The '80 and '90s didn’t have one county dominating as much before Kilkenny came along and took over almost completely in the 2000s which included the four-in-a-row side between 2006 and 2009 before Tipperary put a stop to their gallop in 2010.

So, from those periods of dominance, who were the best?

There is no doubt that you could make a case for all three with Kilkenny probably coming out on top. But comparing teams from different eras is something you cannot really do.

In their own right and in their time they were the best by a long shot but the game is changing all the time.

You could not compare the Tipp team of the '60s to the Kilkenny team of a few years ago, the same with the Cork team of the '70s.

The game is almost unrecognisable now from what it used to be in the swinging '60s and in terms of preparation, fitness levels, training methods, etc it’s a million miles apart.

That Tipp team of the '60s peaked in ’64 and ’65 and won all their games by handsome margins, particularly in Munster where they hammered Cork twice. In those years they were almost untouchable.

The Cork team of ’76, ’77, and ’78 did not have it as easy in their games and could have lost a game or two just as easily as they won.

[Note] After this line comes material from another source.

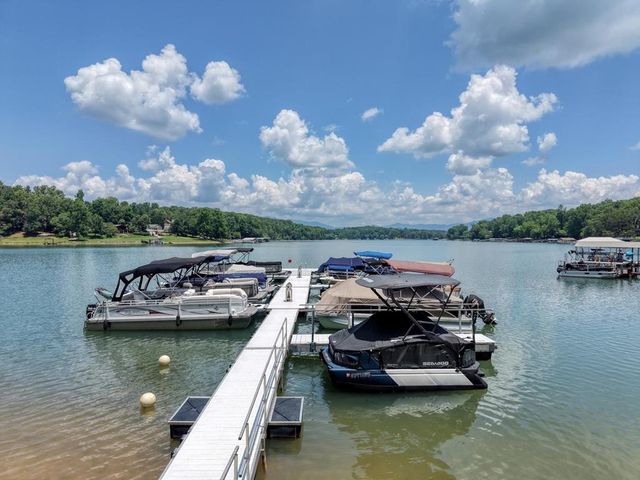 14 B Breezewood Village, Young Harris, GA 30582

Cork captain Ray Cummins prepares to make his speech in 1976. Picture: Collection/SPORTSFILE
Cork captain Ray Cummins prepares to make his speech in 1976. Picture: Collection/SPORTSFILE

Kilkenny, in their years of dominance, were the same, having their credentials tested on numerous occasions but alway coming out on top.

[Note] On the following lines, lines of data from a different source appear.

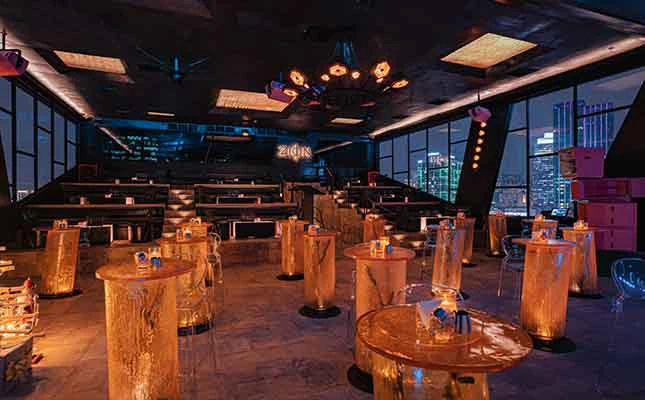 Zion Sky Lounge & Dining — không gian rooftop tầng 14 Quận 1 10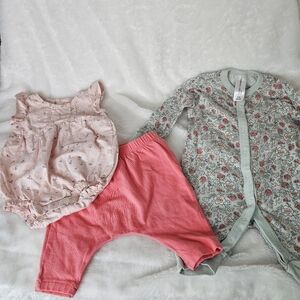 Lot of 3 Baby‎ Girl Newborn 0-3 M Clothing Carters Old Navy Modern Moments
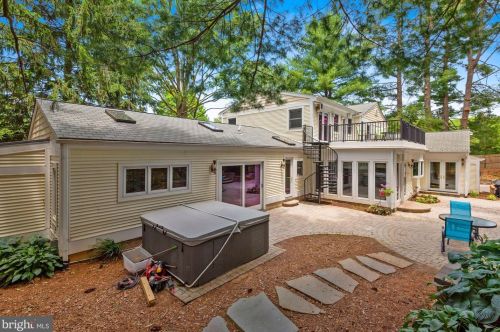 9 Bethayres Ct, Rockville MD 20855-2020 exterior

That’s the one thing they all had in common in the three aforementioned eras, they always found a way.

You could look at the sliothar too, it’s much lighter now than it was when the Premier County ruled with an iron fist and the game today is far more possession-based.

You rarely if ever see an overhead pull now, a player doubling on a ball which used to be a wonderful spectacle. Ground hurling is very limited and in many ways the game resembles a game of rugby at times with too many rucks being formed.

It’s all about getting the ball into the hand and you have far more scores in today’s game.

Down through the years, we have witnessed some fantastic scores being converted by a host of great players but will we ever see again the feat of John Fenton in 1987 against Limerick when he delivered that wondrous goal, first timing the ball to the net from 70-yards out.

To this day it remains the finest score this observer has ever witnessed, a thing of rare beauty, one to behold.

GOAL DROUGHT

In fact, goals in today’s game are becoming a far rarer commodity although overall scoring totals are way up on what they once were.

In a recent survey, the average for a game was 51 points between the years 2016 to 2020 whilst in the '80s the average for a game was 37 points.

One of the biggest changes of all since the days of the 60s and 70s has been the numbers occupying backroom places.

Back then you had a manager, trainer maybe, a few selectors and a doctor.

Now dietitians, physios, nutritionists and so on bring the numbers of a backroom team up to 20 to 30.

The numbers on a player’s back mean very little now with every player in all positions having far more duties than once was the case.

So, taking everything into account, you cannot compare teams and how one from the ‘60s or ‘70 would fare against the present-day sides.

In their time they were the best but the game moves on and at the top level it’s professional in all but name.

It’s great to reminisce about the Tippa, Corks and the rest of past generations but everything is changed, changed utterly Bottom line, though, hurling is still a fantastic game and spectacle.

Times, conditions and circumstances change, tactics are of paramount importance now, we have tactics boards being used at breaks and intervals.

Training is more intense; fitness levels are much higher; the rules have undergone change; and the sliothar, as we stated, these days is lighter and travels faster and further.

Also, the services of dieticians, physiotherapists and even psychologists are now an integral part of the backroom scene.